»»

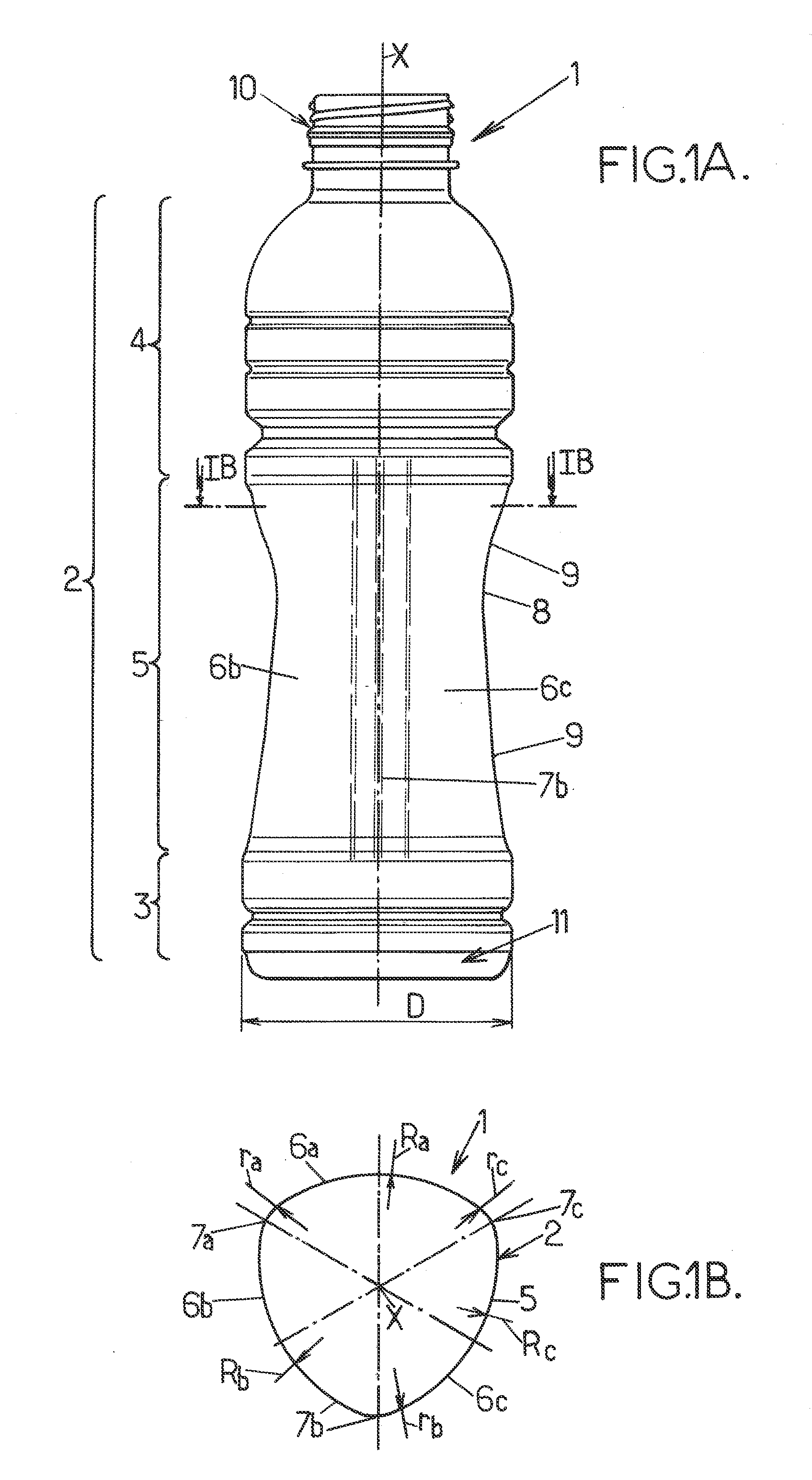 Thermoplastic container in particular a bottle having a partially prismatic triangular body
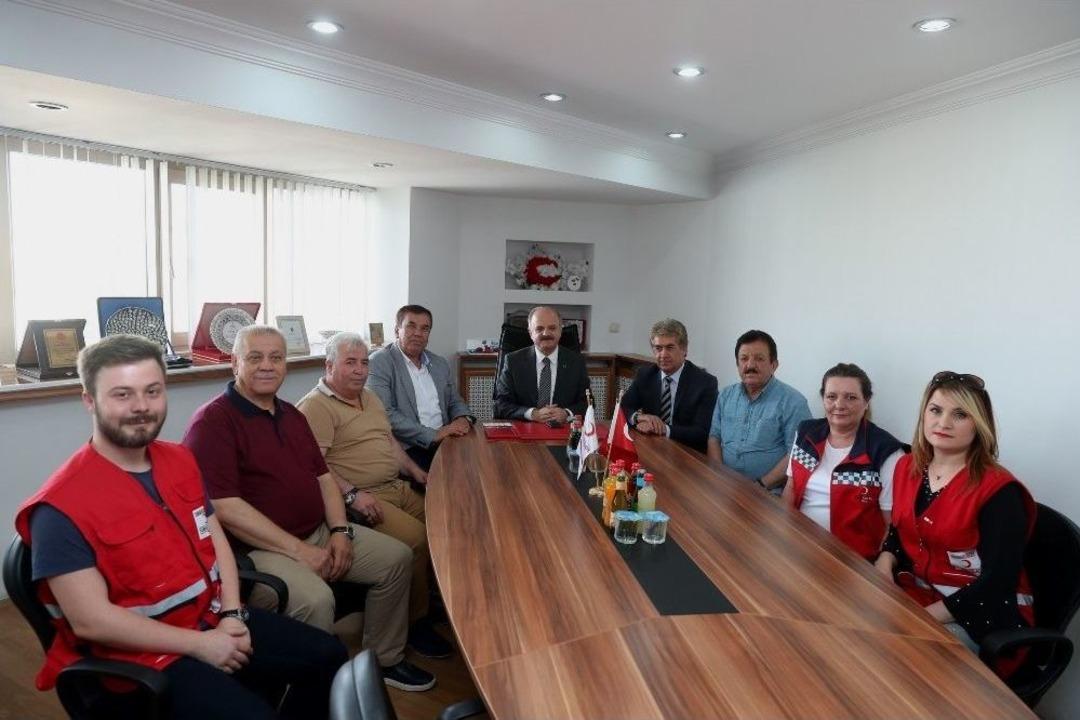 Vali &Ccedil;akacak, T&uuml;rk Kızılay&rsquo;ı Eskişehir Şubesi&rsquo;ni Ziyaret Etti
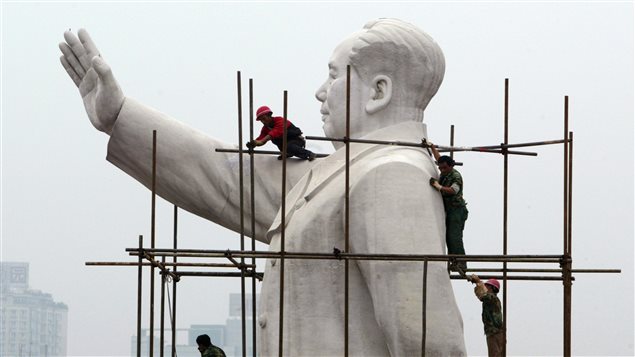 À Chengdu, en 2008, des ouvriers montent un échafaudage pour nettoyer un monument en hommage à Mao Tsé-Toung. À Chengdu, en 2008, des ouvriers montent un échafaudage pour nettoyer un monument en hommage à Mao Tsé-Toung.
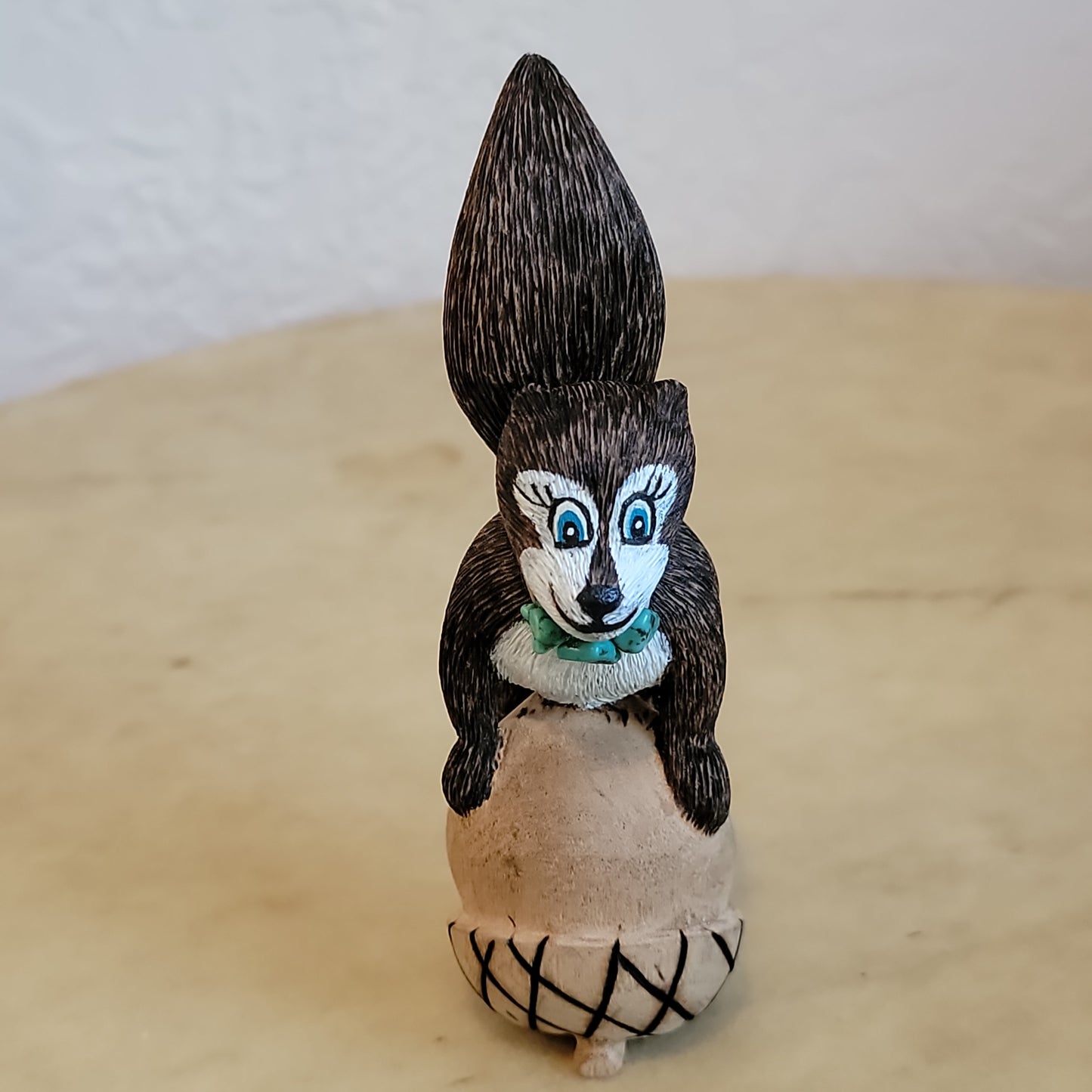 Elise Westika Cottonwood Squirrel w/Acorn Zuni Fetish and Folk Art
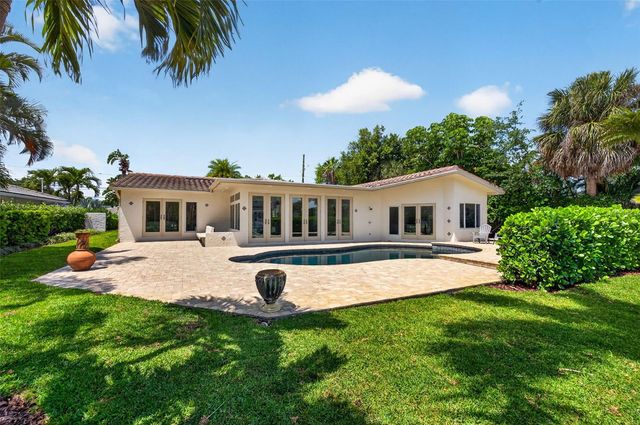1233 EDEN ISLE DRIVE NE, St Petersburg, FL 33704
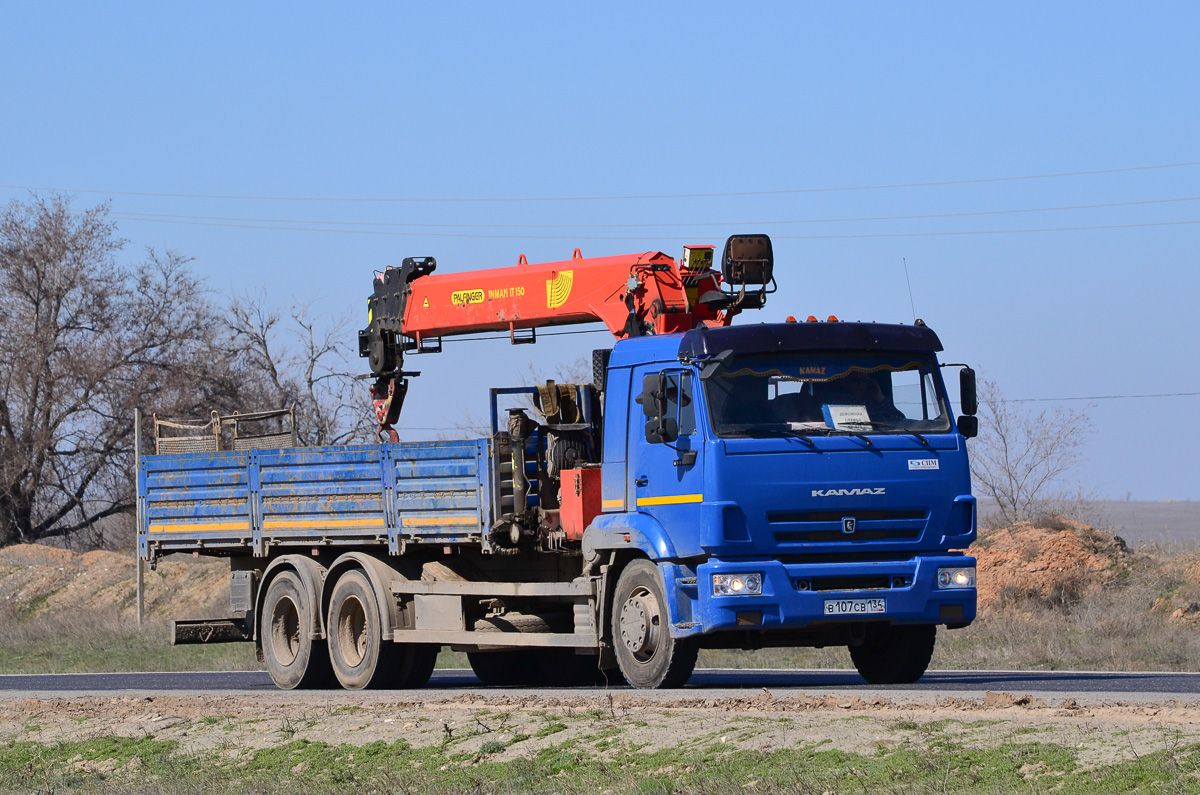 Волгоградская область, № В 107 СВ 134 — КамАЗ-65117-L4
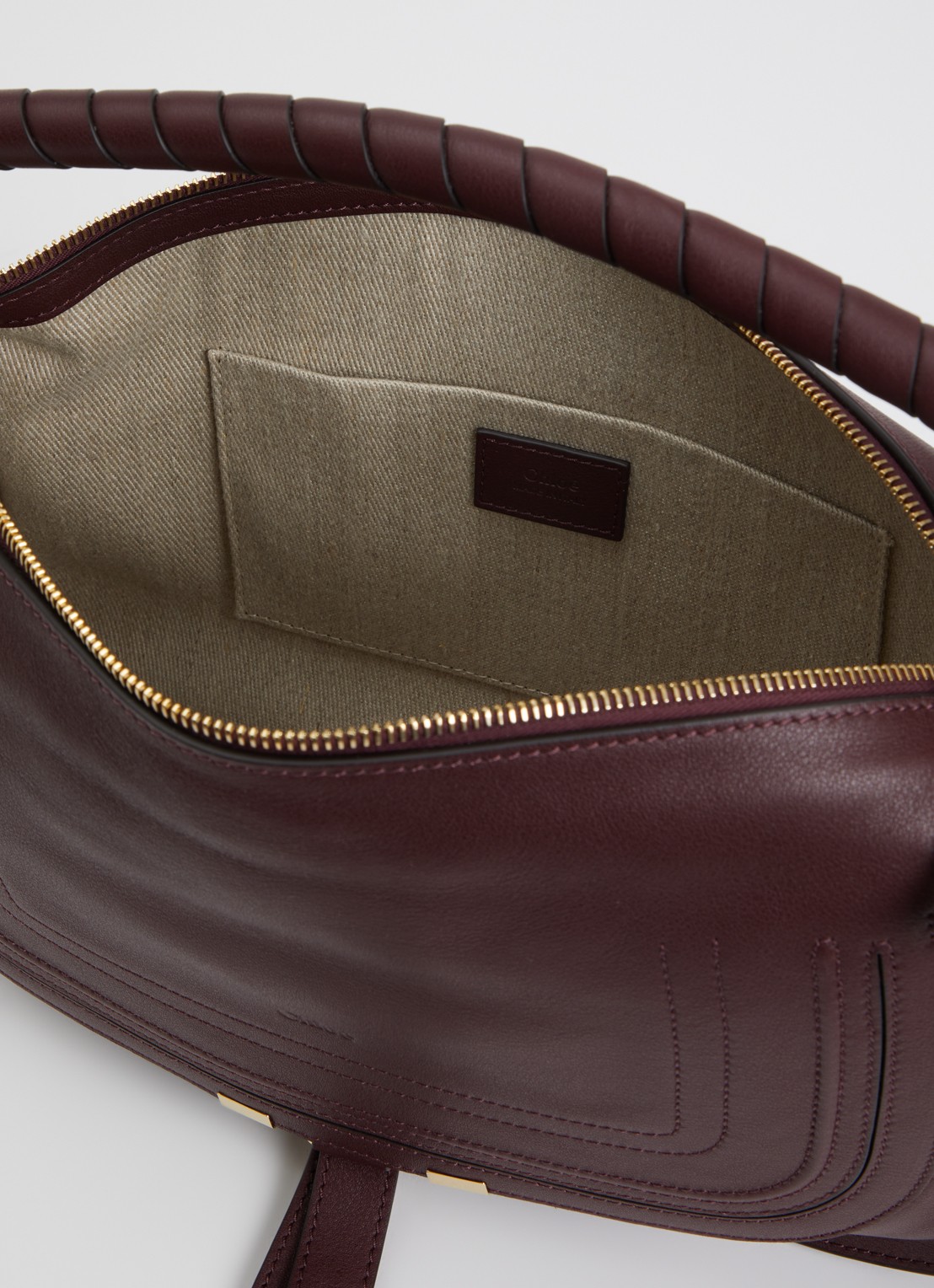 Chloé Marcie Medium schoudertas van kalfssuède  - detail bordeauxrood
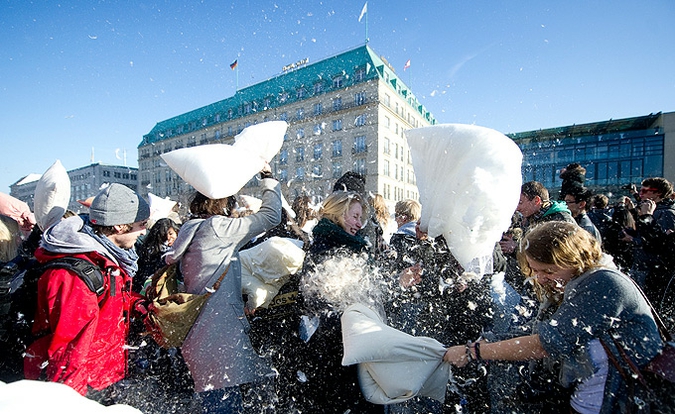 Драка подушками перед Бранденбургскими воротами в Берлине, 20 марта 2011 года.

««

*To do:*
Excluding the pictures, transcribe each entry above word for word.

*Result for this task:*
 Thermoplastic container in particular a bottle having a partially prismatic triangular body
 Vali &Ccedil;akacak, T&uuml;rk Kızılay&rsquo;ı Eskişehir Şubesi&rsquo;ni Ziyaret Etti
 À Chengdu, en 2008, des ouvriers montent un échafaudage pour nettoyer un monument en hommage à Mao Tsé-Toung. À Chengdu, en 2008, des ouvriers montent un échafaudage pour nettoyer un monument en hommage à Mao Tsé-Toung.
 Elise Westika Cottonwood Squirrel w/Acorn Zuni Fetish and Folk Art
1233 EDEN ISLE DRIVE NE, St Petersburg, FL 33704
 Волгоградская область, № В 107 СВ 134 — КамАЗ-65117-L4
 Chloé Marcie Medium schoudertas van kalfssuède  - detail bordeauxrood
 Драка подушками перед Бранденбургскими воротами в Берлине, 20 марта 2011 года.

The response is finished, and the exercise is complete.